That’d be incredibly useful to see. It’d mean we could see, for example, if all the features identified ended up clustered in one area, or weighed too centrally to the image. Ideally we want the corners/edged to be well represented for a nice stable solve, with a reasonable spread across the rest of the image to help when part of the target’s cut off in the camera view.
It’d also mean we could experiment with biased training, too; if our art has to have lots of detail in the middle and less at the edges (blame the client), we could potentially knock back the HF detail in the centre, forcing features round the edges to be chosen - but just for the training.
- How many features do you try to identify for initial acquisition?
- Do you weight them? Eg corners first, then mid-edges, then more central? If you’re confident you’ve identified the corners of the image, do you stop looking for interior features?
- Is there any super-secret CLI-flag hackery possible for reducing/increasing the feature count for tuning toward less powerful / more powerful devices? (with the obvious caveat that we take responsibility for the speed/stability/partial-target tradeoffs involved each way?)

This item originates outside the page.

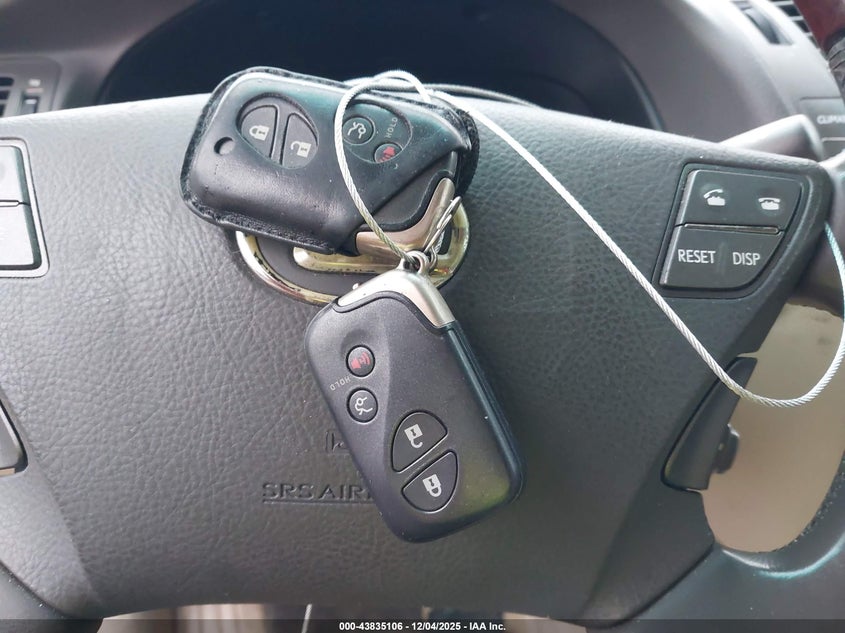 JTHBL46F995089603 2009 LEXUS LS photo no. 11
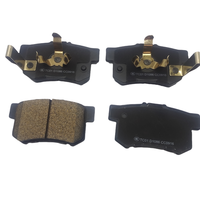 Nuevas Pastillas de Freno de Calidad al por Mayor D1086 OE 43022-TP6-A00 43022-TP6-A01, Discos de Freno para Sistemas de Frenos de Automóviles con 1 Año de Garantía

That last one’s an interesting point: I’m fighting for CPU cycles on older devices (too many particle systems, d’oh) so if I could identify that it’s a slower device, It’d be great to be able able to notify the tracking engine that it should only look for the corner features, giving up a bit of stability if the user pushes in too close, in exchange for better graphics performance. That could make for a better experience overall. Could be moot if you’re already doing this; if your algorithm is already adaptive enough.
- Given that you already have a shape/timing-based recognition algorithm working (for Zap codes), it could be really interesting to see if you can allow for arbitrary shape (1-bit image) recognition, then solve for camera position from it. Then we could do things like logo-recognition. It’d take a significant R&D effort, though. Mebbe add it to the wish-list?
Well that got a bit long-winded. But honestly, the more information you can provide (without giving away the farm … gotta protect yer IP I guess) the more efficient we can be in creating target images and optimising the whole thing. Plus it’s fun experimenting and hacking to see how fast we can make things.
And I’m constantly impressed at how well Zap maintains the tracking, keeping the solve accurate even if I push the camera right into the centre of our postcard. It’s very clever
Cheers ; )